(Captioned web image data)
──────

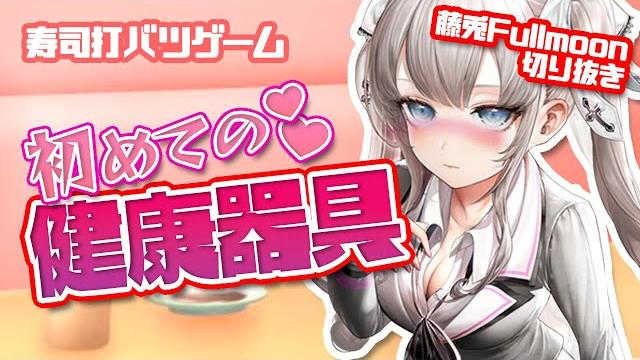 初めての健康器具【藤兎fullmoon/切り抜き】 初めての健康器具【藤兎fullmoon/切り抜き】
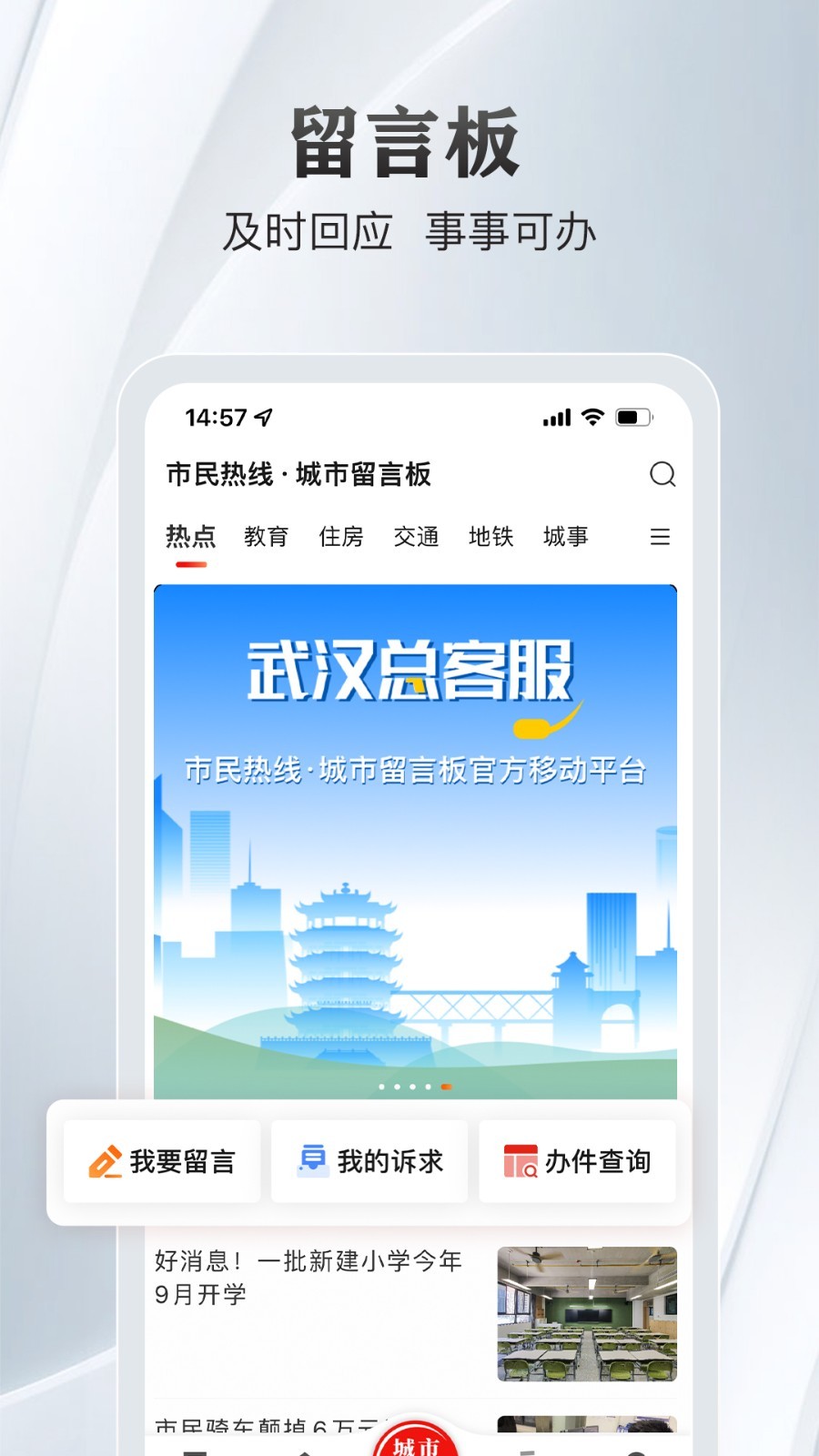 长江日报电子版下载_大武汉安卓版v7.6.10安卓版下载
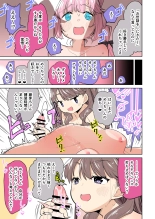 Futanari Jogakuin ~104-ki~ : page 35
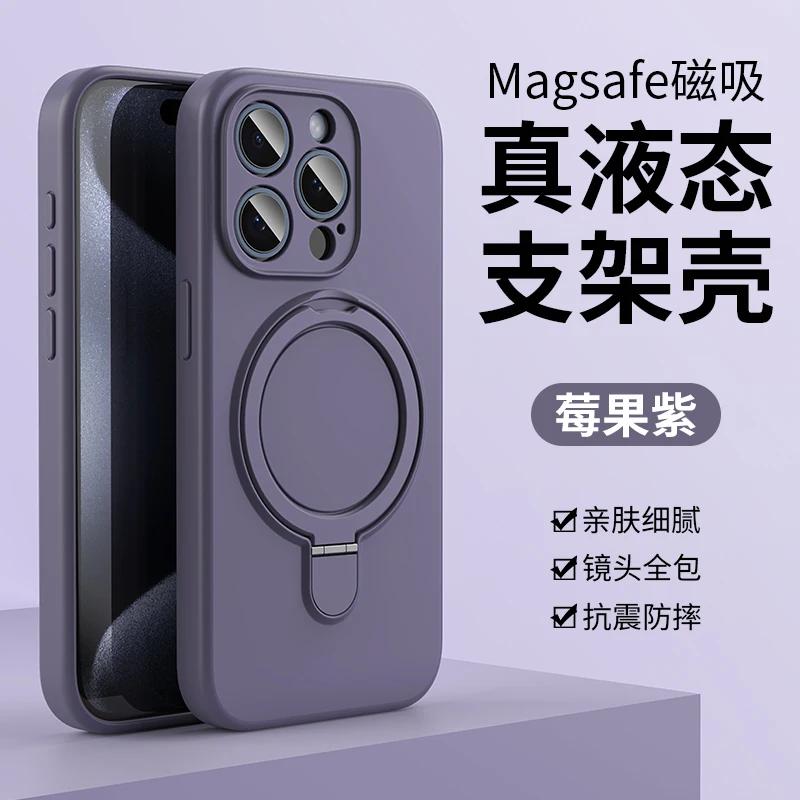 Чехол-подставка из жидкого силикона с магнитом для For Iphone 16 14 Plus 13 1 Pro Max 12 Для беспроводной зарядки Невидимый держатель Чехол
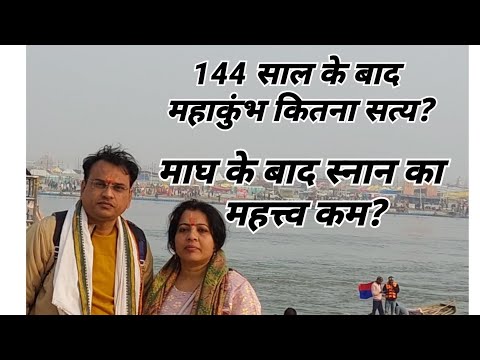 144 के बाद ये महाकुंभ कितना सत्य ?|Astro Rahul Srivastava| #mahakumbh2025 #prayagraj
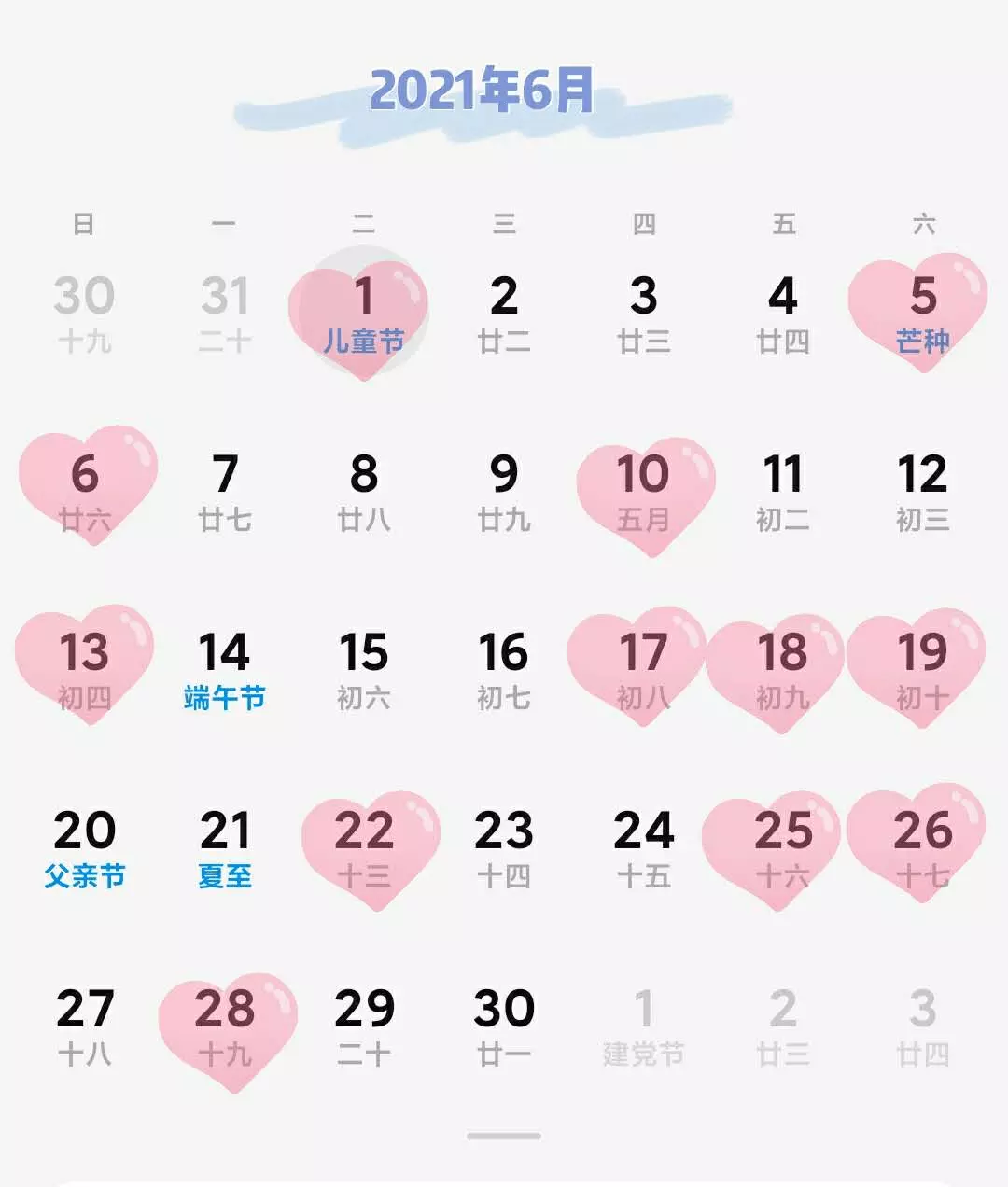 2、年下半年黃道吉日一覽表:年7月黃道吉日一覽表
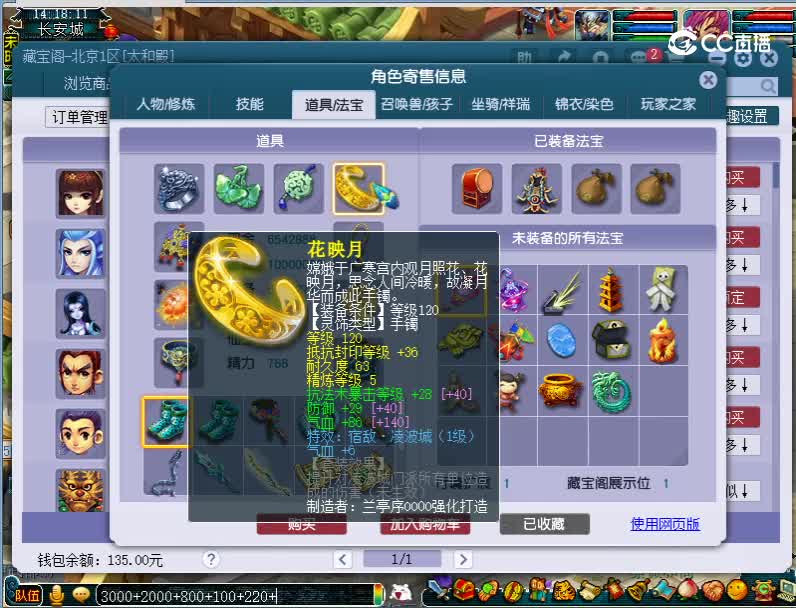 175无底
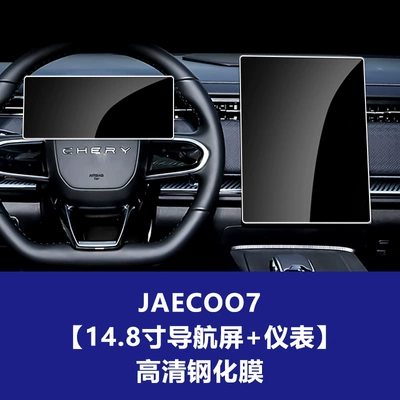 Chery Jaecoo J5 J7 Explore: Car interior film - jaecoo-j7-148inch-navigation-screen-instrument-high-definition-tempered-film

──────

▶ **WHAT NEEDS TO BE DONE**
Retype the whole of the data verbatim. Skip every picture.

▶ **PROBLEM SOLUTION**
 初めての健康器具【藤兎fullmoon/切り抜き】 初めての健康器具【藤兎fullmoon/切り抜き】
 长江日报电子版下载_大武汉安卓版v7.6.10安卓版下载
 Futanari Jogakuin ~104-ki~ : page 35
 Чехол-подставка из жидкого силикона с магнитом для For Iphone 16 14 Plus 13 1 Pro Max 12 Для беспроводной зарядки Невидимый держатель Чехол
 144 के बाद ये महाकुंभ कितना सत्य ?|Astro Rahul Srivastava| #mahakumbh2025 #prayagraj
 2、年下半年黃道吉日一覽表:年7月黃道吉日一覽表
 175无底
 Chery Jaecoo J5 J7 Explore: Car interior film - jaecoo-j7-148inch-navigation-screen-instrument-high-definition-tempered-film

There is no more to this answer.